Output: <ServiceName>ServiceInterface.java in the base package

Generates a Java interface extending ServiceInterface with:

  • SERVICE_NAME and FULL_NAME constants
  • A Method inner enum listing all RPC methods
  • Default method implementations for each RPC (throwing UnsupportedOperationException)
  • An open() routing method that dispatches by method enum to the correct handler
  • Support for all four gRPC call types: unary, client-streaming, server-streaming, and bidirectional
  • An inner Client class implementing the interface via GrpcClient

File Output and Writing

JavaFileWriter

A single .java file accumulator. Generators call addImport() to register imports and append() to build the class body as a string. When writeFile() is called, it assembles the final file:

// SPDX-License-Identifier: Apache-2.0
package <package>;

import <sorted imports>;

<accumulated class body>

FileSetWriter

A record holding five JavaFileWriter instances (model, schema, codec, jsonCodec, test) for a single message. Created by FileSetWriter.create() which resolves output paths and packages for each file type. After all generators run, writeAllFiles() writes them all to disk.

Output Package Structure

For a message with base package com.example.proto:

com/example/proto/
├── MessageName.java                    (model)
├── schema/
│   └── MessageNameSchema.java          (schema)
├── codec/
│   ├── MessageNameProtoCodec.java      (protobuf codec)
│   └── MessageNameJsonCodec.java       (JSON codec)
└── tests/                              (test source set)
    └── MessageNameTest.java            (unit tests)

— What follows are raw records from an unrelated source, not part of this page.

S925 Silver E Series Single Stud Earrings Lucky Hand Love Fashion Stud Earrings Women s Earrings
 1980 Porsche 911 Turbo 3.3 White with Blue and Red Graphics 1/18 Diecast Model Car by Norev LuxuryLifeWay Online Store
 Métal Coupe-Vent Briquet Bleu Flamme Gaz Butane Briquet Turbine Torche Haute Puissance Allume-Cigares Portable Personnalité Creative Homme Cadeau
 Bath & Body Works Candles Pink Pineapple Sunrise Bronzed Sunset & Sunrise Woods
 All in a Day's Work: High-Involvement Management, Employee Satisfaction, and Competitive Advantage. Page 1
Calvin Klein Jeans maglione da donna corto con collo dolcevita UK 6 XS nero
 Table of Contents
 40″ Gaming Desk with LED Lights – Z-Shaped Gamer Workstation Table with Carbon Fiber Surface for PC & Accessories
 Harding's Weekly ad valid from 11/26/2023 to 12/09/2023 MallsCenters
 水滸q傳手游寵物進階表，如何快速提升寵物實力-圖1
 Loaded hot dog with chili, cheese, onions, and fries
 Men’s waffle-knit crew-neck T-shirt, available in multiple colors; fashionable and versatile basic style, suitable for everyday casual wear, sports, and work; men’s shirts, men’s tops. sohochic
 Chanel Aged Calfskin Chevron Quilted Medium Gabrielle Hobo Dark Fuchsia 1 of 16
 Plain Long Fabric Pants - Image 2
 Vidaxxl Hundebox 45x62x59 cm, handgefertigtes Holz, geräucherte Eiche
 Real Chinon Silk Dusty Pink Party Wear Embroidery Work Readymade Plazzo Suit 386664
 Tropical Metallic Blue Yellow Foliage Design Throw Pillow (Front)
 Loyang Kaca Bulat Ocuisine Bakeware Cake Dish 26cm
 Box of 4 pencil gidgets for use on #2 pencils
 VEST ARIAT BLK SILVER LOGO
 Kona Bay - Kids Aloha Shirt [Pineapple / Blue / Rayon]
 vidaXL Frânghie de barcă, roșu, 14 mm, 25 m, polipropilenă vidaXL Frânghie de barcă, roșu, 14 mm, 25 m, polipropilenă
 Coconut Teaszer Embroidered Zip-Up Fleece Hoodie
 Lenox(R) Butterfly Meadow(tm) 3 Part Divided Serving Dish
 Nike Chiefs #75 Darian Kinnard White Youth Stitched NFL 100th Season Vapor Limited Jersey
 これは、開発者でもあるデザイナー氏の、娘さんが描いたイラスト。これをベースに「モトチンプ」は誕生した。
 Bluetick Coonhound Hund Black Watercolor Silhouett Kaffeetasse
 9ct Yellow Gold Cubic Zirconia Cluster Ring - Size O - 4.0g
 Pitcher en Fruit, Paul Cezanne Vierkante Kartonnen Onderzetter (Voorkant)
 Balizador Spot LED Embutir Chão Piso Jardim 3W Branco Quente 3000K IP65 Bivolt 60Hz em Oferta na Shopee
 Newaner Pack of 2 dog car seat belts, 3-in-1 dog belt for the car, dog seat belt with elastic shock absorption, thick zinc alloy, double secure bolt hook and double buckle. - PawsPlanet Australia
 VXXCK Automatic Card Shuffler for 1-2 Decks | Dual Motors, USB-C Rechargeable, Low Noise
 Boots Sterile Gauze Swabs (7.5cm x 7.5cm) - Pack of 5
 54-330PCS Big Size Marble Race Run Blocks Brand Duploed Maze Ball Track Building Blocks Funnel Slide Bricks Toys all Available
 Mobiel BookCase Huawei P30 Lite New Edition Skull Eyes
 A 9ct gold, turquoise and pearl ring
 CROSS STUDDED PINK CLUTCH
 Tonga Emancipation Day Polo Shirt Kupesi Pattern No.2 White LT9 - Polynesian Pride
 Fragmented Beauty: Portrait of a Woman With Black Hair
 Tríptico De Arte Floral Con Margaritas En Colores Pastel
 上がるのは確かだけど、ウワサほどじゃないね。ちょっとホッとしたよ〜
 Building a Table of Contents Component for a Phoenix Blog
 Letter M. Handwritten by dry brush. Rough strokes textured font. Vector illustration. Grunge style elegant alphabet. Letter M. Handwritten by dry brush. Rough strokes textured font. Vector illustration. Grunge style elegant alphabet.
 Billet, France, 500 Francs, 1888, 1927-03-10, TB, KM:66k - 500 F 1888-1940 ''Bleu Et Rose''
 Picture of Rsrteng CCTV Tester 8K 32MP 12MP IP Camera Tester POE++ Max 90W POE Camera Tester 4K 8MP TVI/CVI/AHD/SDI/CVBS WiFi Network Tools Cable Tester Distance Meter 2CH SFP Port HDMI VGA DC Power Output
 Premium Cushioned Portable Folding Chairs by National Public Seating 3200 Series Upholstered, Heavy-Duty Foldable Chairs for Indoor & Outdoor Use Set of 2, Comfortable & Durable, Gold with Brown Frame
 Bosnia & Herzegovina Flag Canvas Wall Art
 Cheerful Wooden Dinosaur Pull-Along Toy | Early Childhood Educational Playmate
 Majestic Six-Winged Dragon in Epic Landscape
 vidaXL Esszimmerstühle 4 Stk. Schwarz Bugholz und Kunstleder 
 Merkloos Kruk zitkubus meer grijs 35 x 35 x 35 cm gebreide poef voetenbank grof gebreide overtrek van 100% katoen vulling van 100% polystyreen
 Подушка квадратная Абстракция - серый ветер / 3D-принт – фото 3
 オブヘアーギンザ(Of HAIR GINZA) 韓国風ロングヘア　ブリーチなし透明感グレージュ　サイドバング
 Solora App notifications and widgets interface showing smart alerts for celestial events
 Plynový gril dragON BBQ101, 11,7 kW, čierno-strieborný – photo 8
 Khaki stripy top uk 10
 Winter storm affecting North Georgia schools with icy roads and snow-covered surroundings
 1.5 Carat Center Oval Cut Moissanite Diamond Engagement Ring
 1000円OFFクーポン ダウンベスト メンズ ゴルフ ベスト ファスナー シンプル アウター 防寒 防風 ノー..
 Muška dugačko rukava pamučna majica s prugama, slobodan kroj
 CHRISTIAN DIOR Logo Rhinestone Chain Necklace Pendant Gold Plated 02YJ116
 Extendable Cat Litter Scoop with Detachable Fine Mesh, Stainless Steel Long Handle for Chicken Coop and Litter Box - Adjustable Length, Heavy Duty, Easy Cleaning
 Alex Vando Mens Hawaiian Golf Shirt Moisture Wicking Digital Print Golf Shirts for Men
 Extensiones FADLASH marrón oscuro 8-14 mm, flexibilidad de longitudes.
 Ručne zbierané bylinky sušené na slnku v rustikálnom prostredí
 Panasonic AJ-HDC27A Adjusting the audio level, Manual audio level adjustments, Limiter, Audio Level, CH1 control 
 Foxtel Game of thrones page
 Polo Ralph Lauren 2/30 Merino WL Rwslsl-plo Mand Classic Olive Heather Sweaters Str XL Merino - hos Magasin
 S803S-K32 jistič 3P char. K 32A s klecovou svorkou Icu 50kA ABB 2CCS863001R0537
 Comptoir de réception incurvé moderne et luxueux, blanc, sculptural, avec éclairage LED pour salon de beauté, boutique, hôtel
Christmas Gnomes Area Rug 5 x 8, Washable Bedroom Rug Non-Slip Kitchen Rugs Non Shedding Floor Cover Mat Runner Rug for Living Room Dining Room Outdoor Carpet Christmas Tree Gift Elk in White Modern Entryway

File naming is controlled by constants in FileAndPackageNamesConfig:

File type Class suffix Sub-package
Model (none) (base)
Schema Schema schema
Protobuf Codec ProtoCodec codec
JSON Codec JsonCodec codec
Test Test tests

Code Style of the Generator

The generators use direct string construction (StringBuilder via JavaFileWriter.append()) rather than templates or AST manipulation. Java source code is built by concatenating string literals, formatted blocks (often using text blocks with .indent()), and field-specific code fragments produced by Field method calls like parseCode(), schemaFieldsDef(), and parserFieldsSetMethodCase().

This approach is simple and keeps all generation logic visible in the generator classes, but means the generators must manually manage indentation, imports, and syntax correctness.

Nested Message Handling

Nested messages (messages defined inside other messages) are detected via Generator.isInner(), which walks up the ANTLR parse tree looking for a parent MessageDefContext. Inner messages are generated as static inner classes within the outer message's model file. The JavaFileWriter abstraction allows inner type generators to append their output to the same writer as the outer type.

Dependency Resolution from JARs

The PbjProtobufExtractTransform Gradle artifact transform extracts .proto files from JAR dependencies. This allows proto files in one module to import proto definitions from another module's published JAR. The extracted protos are passed to PbjCompiler as classpath files — they are parsed for type resolution in the LookupHelper but no code is generated for them (code generation only runs for source files).